Truck driver Euan Flemming, from Belfast firm Blair Transport, has been using the Dover-Calais route for 10 years. He says police and security guards were nowhere to be seen in the slow crawl to the port and describes migrants surrounding trucks and dropping from bridges onto the roofs of curtain-sided vehicles.
“The situation improved in August and September but this week it has gone downhill. The migrants have mobilised themselves – it is shockingly bad right now. I’m sitting here in a curtain-sided truck and there are thousands of migrants all around – I might as well roll out the red carpet,” he says.

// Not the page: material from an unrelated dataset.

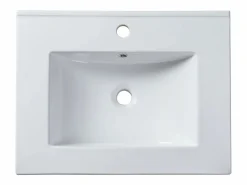 Lavabo empotrado de cerámica blanca - L61 cm - MOTIAC^Shower & Design Hot
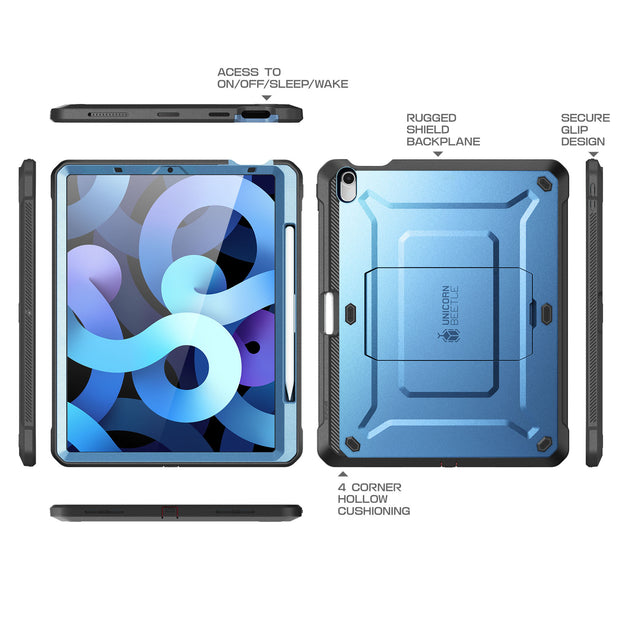 iPad Air 4 / 5 Unicorn Beetle PRO Rugged Kickstand Case-Metallic Blue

Frequent invasions of the Eurotunnel compound by migrants in recent days have caused long delays for freight on both sides of the English Channel, with the Traffic Action Plan being put in place in Dover to deal with the huge numbers of queueing lorries.
Donald Armour, FTA’s international affairs manager, says: “FTA is dismayed to learn that for the fourth night in a row migrants have successfully managed to break through the security fencing at the Eurotunnel compound and past the other measures put in place since the summer.
“FTA believes more robust measures need to be taken by the French authorities to keep drivers safe and to ensure that Eurotunnel can function properly, without the dangers and serious disruption our members have had to endure this week.”
Some 500 additional French police are to be deployed in order to strengthen the Tunnel’s defences, but Armour doesn’t think this is sufficient to cope with the relentless nightly attacks.
“We are very concerned that drivers are still being put at risk as they travel through Pas de Calais back to the ports,” Armour concludes.